Woman at Mile 0 said...

I have said it before....Laxer for NDP leader!! Now that would be a tough choice. With Jack its easy to be Liberal. You gotta believe in something and if the environment and our children's future isn't worth standing up for...I don't know what is.

penlan said...

"But that's the joy I guess of being a permanent opposition party: you'll never have to make any tough choices, be held accountable, or take a real stand on anything."

And that is why it was so easy for him to vote against Con bills the majority of the time in the last Parliament. Making him look like he's standing up for the principles/policies of the NDP & the people.

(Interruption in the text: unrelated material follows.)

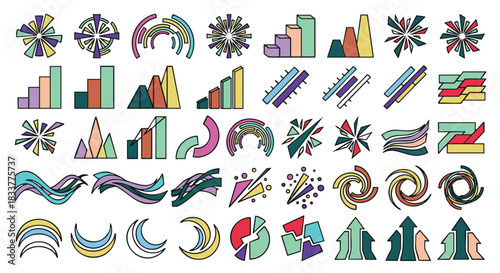 Abstract geometric shapes with bright colors for modern design projects and presentations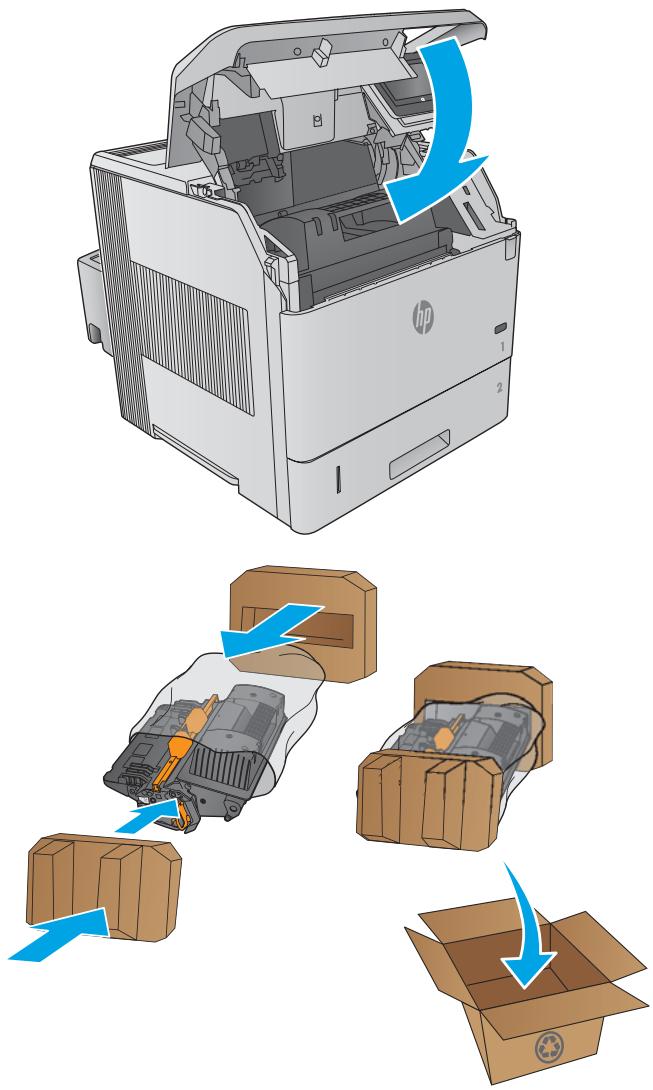 HP M604N - Retrait et remplacement de la cartouche - 8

Meanwhile the Libs, having to abstain, sit on their hands, etc. made Layton look good to many as though he was tough & standing up to Harper & the Cons. In reality he had nothing to lose. If he had been the main opposition I think we would have seen an entirely different scenario. More along the lines of what the Libs did.

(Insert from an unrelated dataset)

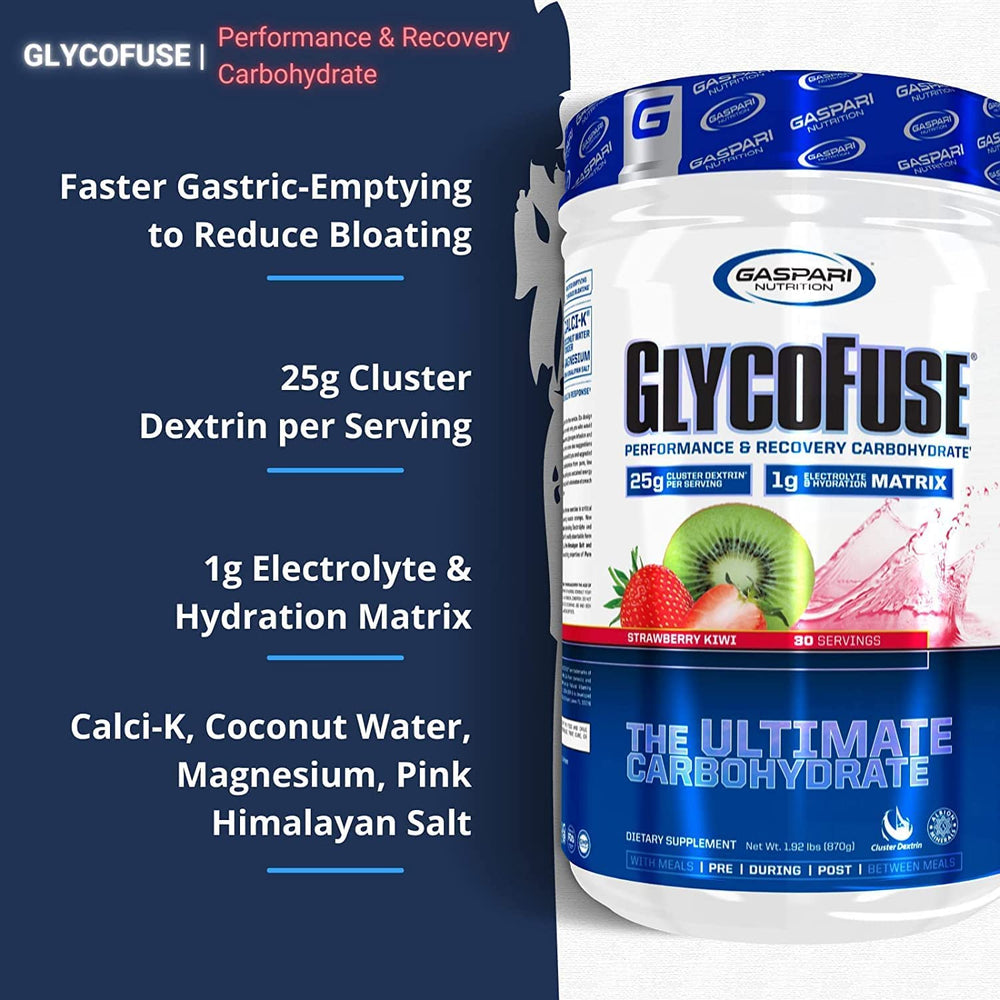 Gaspari Glycofuse label front highlighting flavor and serving details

The one who tries to be all things to all people loses in the end as they become contradictory on various issues.

Layton has no real responsibility in govt. whatsoever so he just aggressively asserts his opinions in Parliament or wherever & whenever.

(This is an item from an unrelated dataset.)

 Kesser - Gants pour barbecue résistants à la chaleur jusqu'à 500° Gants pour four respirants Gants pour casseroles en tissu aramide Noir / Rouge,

As you said, Danielle, zero accountability. Which, in the end, makes for zero credibility.

Scott in Montreal said...

You are quite right. I also find he has to do a lot of twists and turns balancing all the pro-union, pro-manufacturing jobs rhetoric with the tough on polluters rhetoric. He hasn't found the vision that speaks to various parts of his base at the same time. So he is left using the tried and true rhetoric for one audience or the other, and sometimes getting into policy contradictions. He is almost smooth enough to pull it off, which may be why he points to Obama as a campaigning role model. However, this could explain the trouble he's having cracking the 20% support ceiling.

Clearpath SEO said...

Interesting Press release today announces that Layton "struck a deal" with Google and Yahoo. In actuality, what he did was go on adwords.google.com and pay for an ad for the search terms: "stephen harper, stephane dion, etc..."

Love the spin on that release to make people think that Layton has the power to "strike a deal" with Google, I don't think he could get customer service to return his call.